Он, как обычно, сидел за столом, и на его склоненную седую голову падал свет от лампы. Услышав, как скрипнула дверь, он удивленно поднял глаза.

– Фил, – сказал он, с боязливым недоумением глядя на меня. Я подошел к нему вплотную и положил руку ему на плечо. – Фил, в чем дело? Чего тебе от меня надо? Что такое?

– Не знаю, отец. Я пришел не по своей воле. В этом, должно быть, есть тайный смысл, вот только какой? Во второй раз что-то приводит меня сюда, к вам.

– Уж не повредился ли ты… – Он оборвал себя, словно испугавшись, как бы в его возмущенном возгласе не открылась страшная правда. Он в ужасе смотрел на меня.

– Не повредился ли я в уме? Нет, не думаю. Ничего похожего на бред я за собой не замечал. Отец, подумайте… Не известна ли вам какая-либо причина, почему что-то приводит меня сюда? Ведь должна быть какая-то причина!

Я стоял, опираясь на спинку отцовского кресла. Стол был завален бумагами – среди них несколько писем с широкой черной каймой, как на том, которое я видел у него в прошлый раз. Сейчас, в моем смятенном состоянии, я только мельком отметил это, не задумавшись над совпадением, – я просто не мог мыслить логически; но черная кайма бросилась мне в глаза. Не укрылось от меня и то, что отец тоже кинул на письма с каймой поспешный взгляд и одним движением руки сгреб их в сторону.

– Филип, – сказал он, отодвигаясь от стола вместе с креслом, – ты, верно, нездоров, мой бедный мальчик. Теперь я вижу, что мы тут все худо за тобой ухаживаем, а ты, оказывается, болен серьезнее, чем я предполагал. Послушайся моего совета – ступай к себе и ложись в постель.

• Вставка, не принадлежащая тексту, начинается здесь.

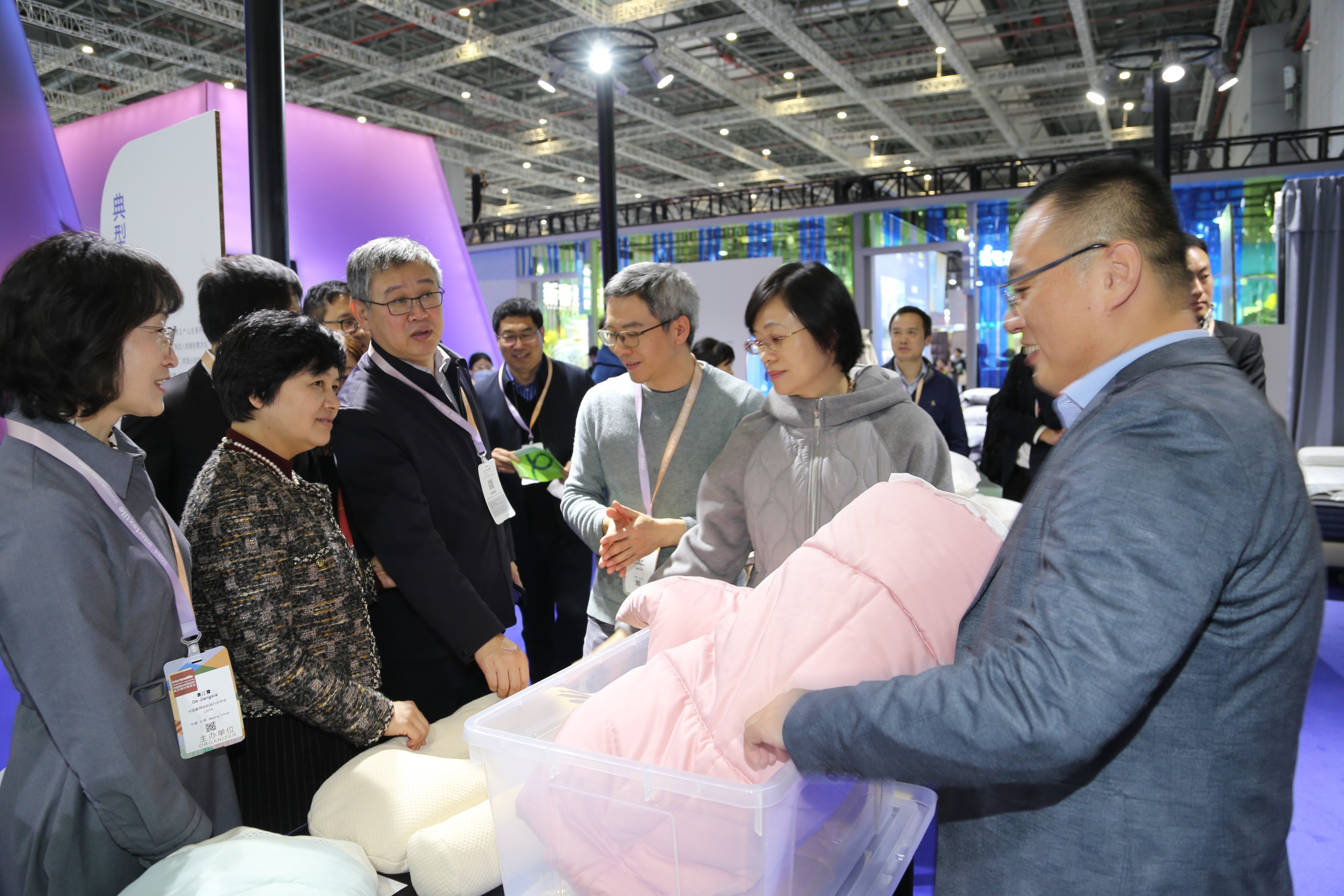 青島組團參加intertextile家紡展，副市長趙燕一行蒞臨考察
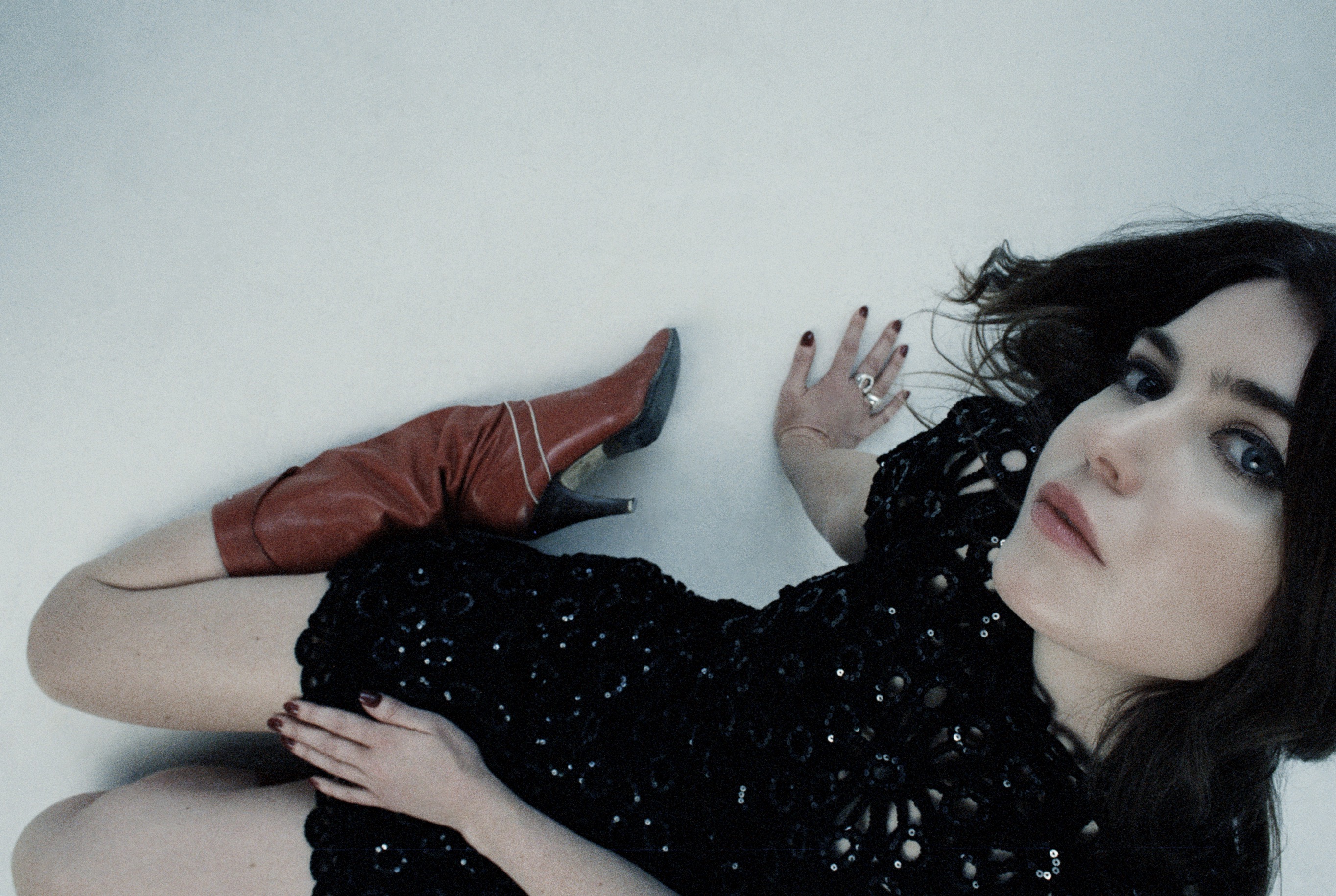 Laura Mary Carter debut album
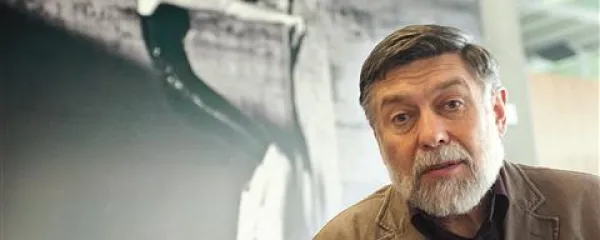 Intervju z dr. Petrom Krečičem je  potekal v avli ene od ljubljanskih bank  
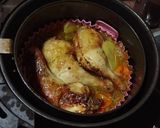 Foto del paso 6 de la receta Muslos de pollo con patatas y tomate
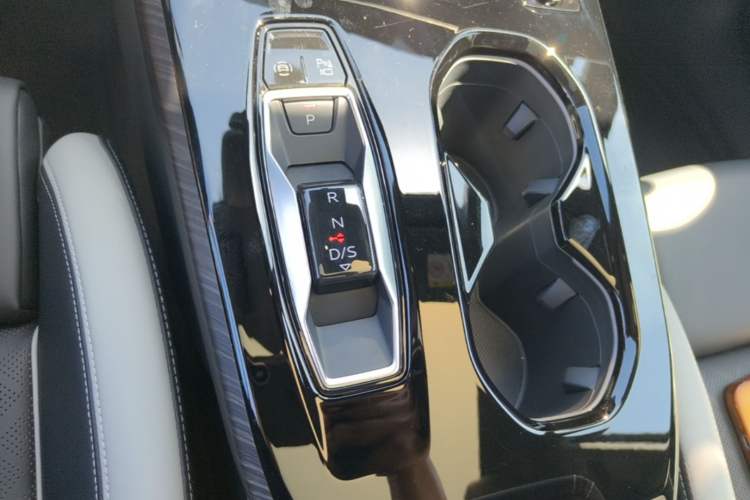 Used Audi A5L 2026 2.0T Sport Gear Lever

– Я совершенно здоров, – возразил я. – Отец, не станемте лукавить друг перед другом. Я не из тех, кто сходит с ума или видит призраков. Что возымело надо мной такую власть, мне неведомо, но тому есть причина. Не иначе как вы что-то предпринимаете или планируете предпринять без моего ведома, хотя у меня есть право вмешаться.